## Work required
Below are records with pictures; copy word for word only the lines between the line with "中鼎集团有限公司？邢台中鼎地产" and the line with "Создание ситуации успеха", inclusive, and drop the pictures.

## Data provided
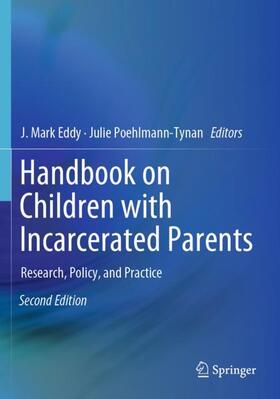Poehlmann-Tynan / Eddy | Handbook on Children with Incarcerated Parents | Buch | 978-3-030-16709-7 | sack.de
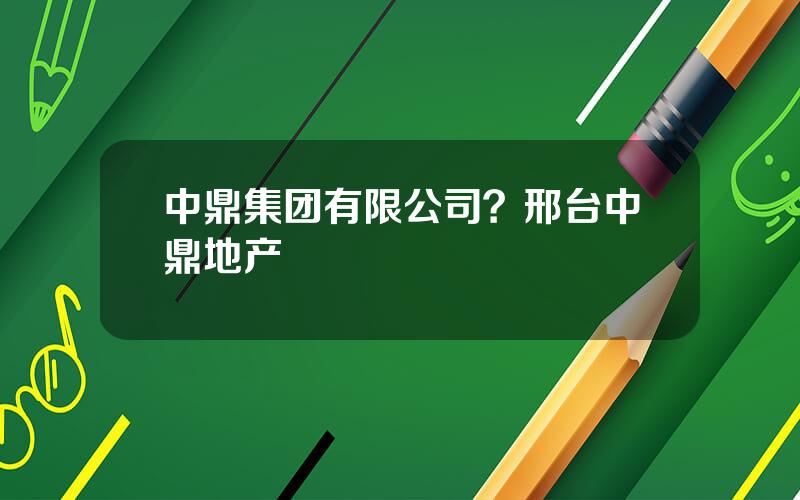 中鼎集团有限公司？邢台中鼎地产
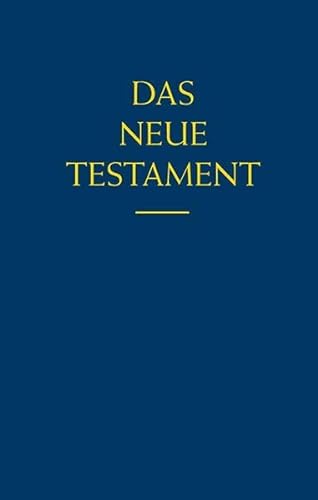 Beispielbild fr Bibelausgaben, Das Neue Testament zum Verkauf von medimops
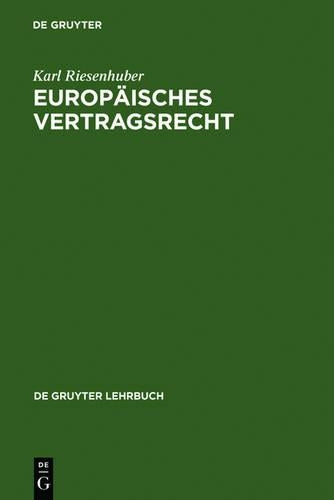 Europäisches Vertragsrecht (De Gruyter Lehrbuch) (German Edition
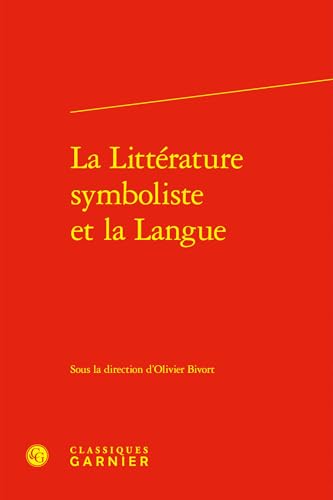 La Litterature Symboliste Et La Langue von Classiques Garnier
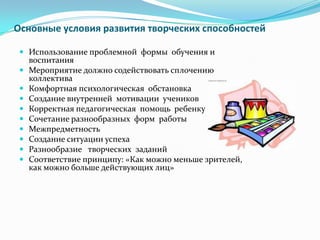 Основные условия развития творческих способностей
 Использование проблемной формы обучения и
воспитания
 Мероприятие должно содействовать сплочению
коллектива
 Комфортная психологическая обстановка
 Создание внутренней мотивации учеников
 Корректная педагогическая помощь ребенку
 Сочетание разнообразных форм работы
 Межпредметность
 Создание ситуации успеха
 Разнообразие творческих заданий
 Соответствие принципу: «Как можно меньше зрителей,
как можно больше действующих лиц»
 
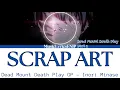 Download Lagu Inori Minase - Scrap Art Lyrics Video [Kan/Rom/Eng] Dead Mount Death Play デッドマウント・デスプレイOpening OPテーマ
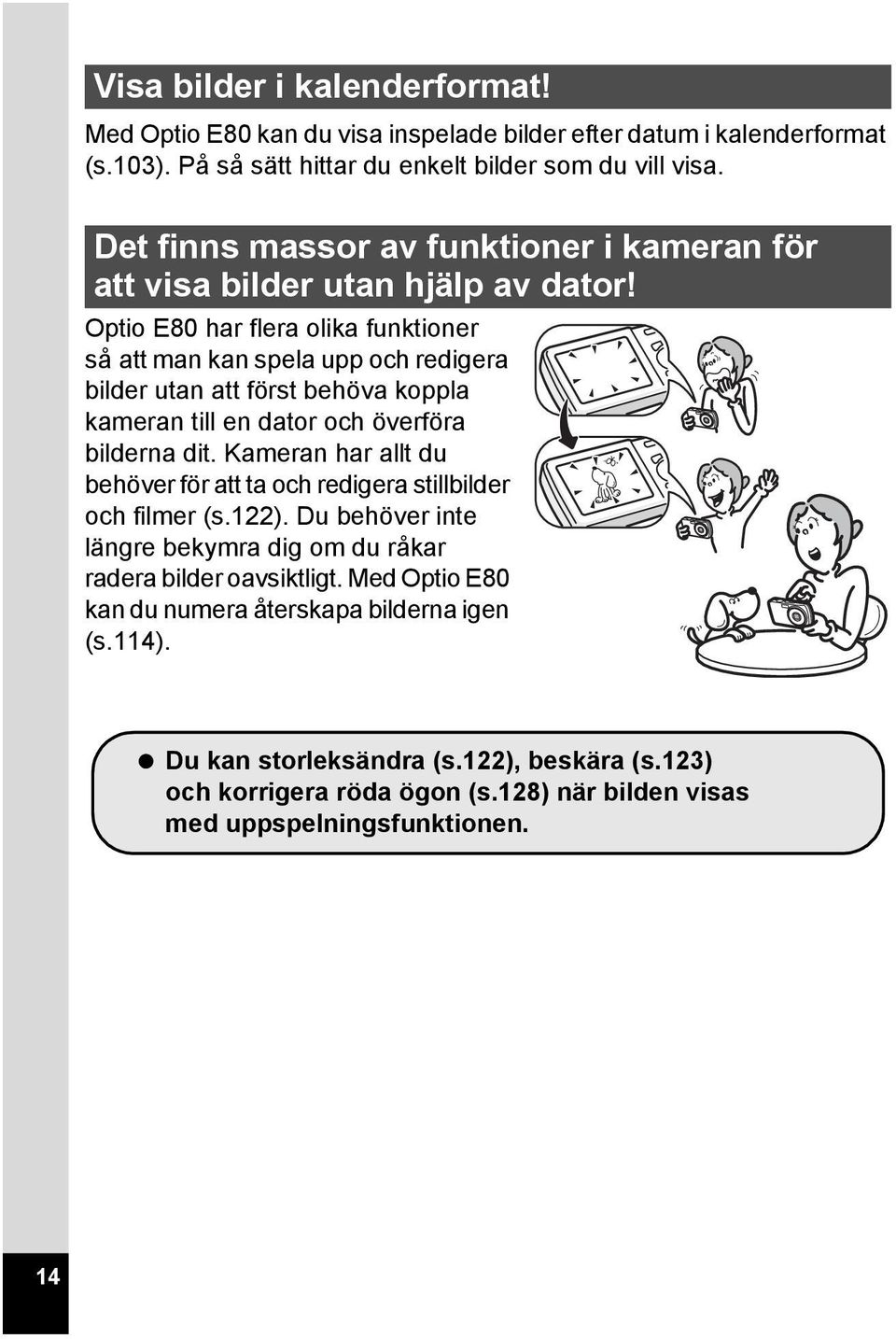 Optio E80 har flera olika funktioner så att man kan spela upp och redigera bilder utan att först behöva koppla kameran till en dator och överföra bilderna dit.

## Output for this exercise
 中鼎集团有限公司？邢台中鼎地产
 Beispielbild fr Bibelausgaben, Das Neue Testament zum Verkauf von medimops
 Europäisches Vertragsrecht (De Gruyter Lehrbuch) (German Edition
 La Litterature Symboliste Et La Langue von Classiques Garnier
 Основные условия развития творческих способностей
 Использование проблемной формы обучения и
воспитания
 Мероприятие должно содействовать сплочению
коллектива
 Комфортная психологическая обстановка
 Создание внутренней мотивации учеников
 Корректная педагогическая помощь ребенку
 Сочетание разнообразных форм работы
 Межпредметность
 Создание ситуации успеха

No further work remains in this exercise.